In order to present the physical element of slavery, the plantation reconstructed six slave cabins to go along with their new emphasis. Two of the cabins are furnished to represent slave homes, with a frame bed for the house slave and a mattress on the floor for the field hands. The other two cabins illustrate the post-emancipation residences of freed people. The final two cabins contain an exhibit, including a polished wood piece acknowledging the names of all the slaves on the plantation; there are shackles, farm tools, clothing replicas, and text panels explaining the institution. Oak Alley is an excellent teaching example where external pressures, reputation, and the growing diversity of visitors and stakeholders required a different story, unable to embrace a big house, planter narrative. Even more, by complicating the plantation narrative with the inclusion of slavery, these locations have to face the question of what happened after slavery.

Besides the two Louisiana plantations, on the East Coast another jewel has recently emerged: McLeod Plantation on James Island near Charleston. The plantation features an empty big house and the tour does not even set foot into this building. Instead, extremely well-trained tour guides, equipped with iPads for pictures, lead tours literally around the outside of the house to the six remaining, original slave cabins.

The slave cabins at McLeod Plantation. Photo by author.
The slave cabins at McLeod Plantation. Photo by author.

The guide personalizes the story of slave suffering, including their work and day-to-day life. The slave cabins not only tell the story of the slaves, but also their descendants. Most impressive about McLeod Plantation is the fact that descendants continued to reside here well into the 1990s, despite the lack of running water and innumerable building code violations. The story of freedmen, freedwomen, and post-emancipation suffering within Southern society during the Jim Crow and Civil Rights era are impressively illustrated by the home firebombed in 1954. The charring is still visible on the floor.

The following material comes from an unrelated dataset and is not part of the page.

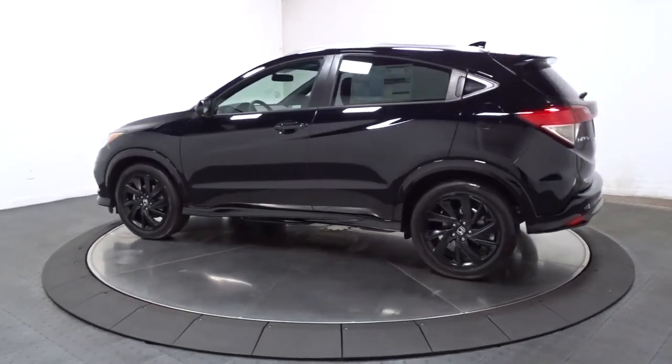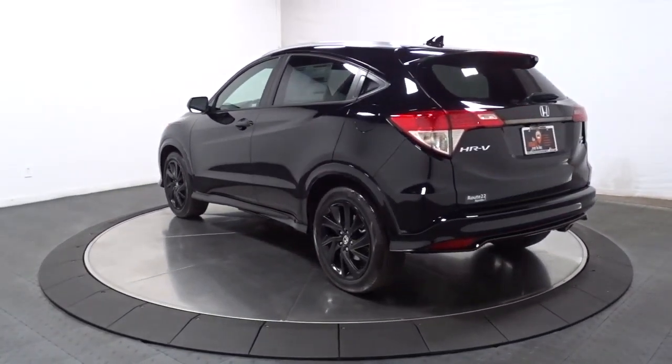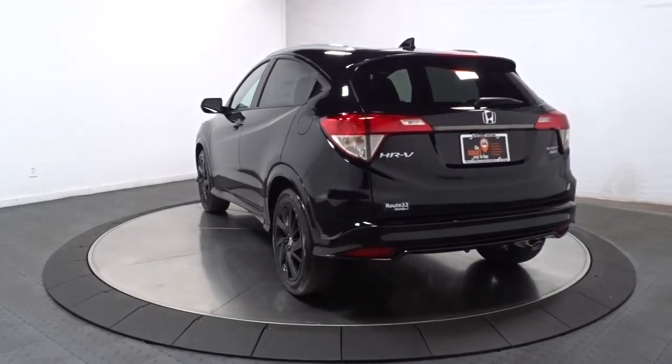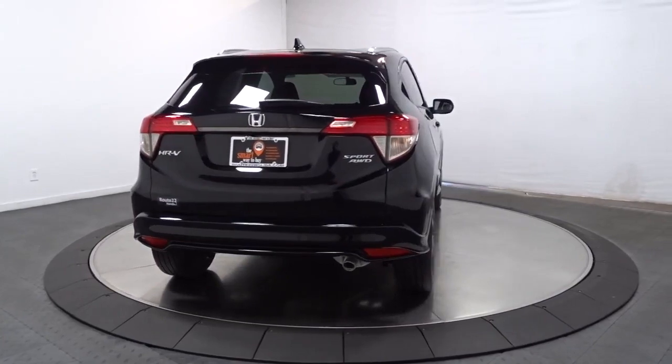This practical, comfortable mini crossover was designed with your active lifestyle in mind. This Honda HR-V is the perfect blend of comfort, convenience, and cleverness. Come in for a test drive experience and take a closer look.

Obviously most of us do not reside anywhere near these plantations to take students on a regular tour. However, we might have plantations around our own home institutions or we can utilize the web to digitally visit these locations with students. Plantations provide an opportunity to tackle not only the Old South’s social, economic, and political situation, but also to explore issues of post-emancipation social and economic change, class distinctions, the adjustments from slave to free society, and finally memory, tourism, and public history. Considering most people, including our students on future vacations, will get their history during plantation tours, it is crucial to illustrate the complex history of these sites and how slavery continues to be an overlooked subject in the public mind.


[1] Statement made during a visit in March 2015 at Hofwyl-Broadfield Plantation Historic Site, Brunswick, Georgia.

[2] Jennifer L. Eichstedt and Stephen Small, Representations of Slavery: Race and Ideology in Southern Plantation Museums (Washington: Smithsonian Institution Press, 2002); James O. Horton and Lois E. Horton, Slavery and Public History: The Tough Stuff of American Memory (New York: New Press, 2006).

[3] This is in part confirmed in Thomas Edwin Schott, Alexander H. Stephens of Georgia: A Biography (Baton Rouge: Louisiana State University Press, 1988), 65-66, which calls Stephens a benevolent slaveholder.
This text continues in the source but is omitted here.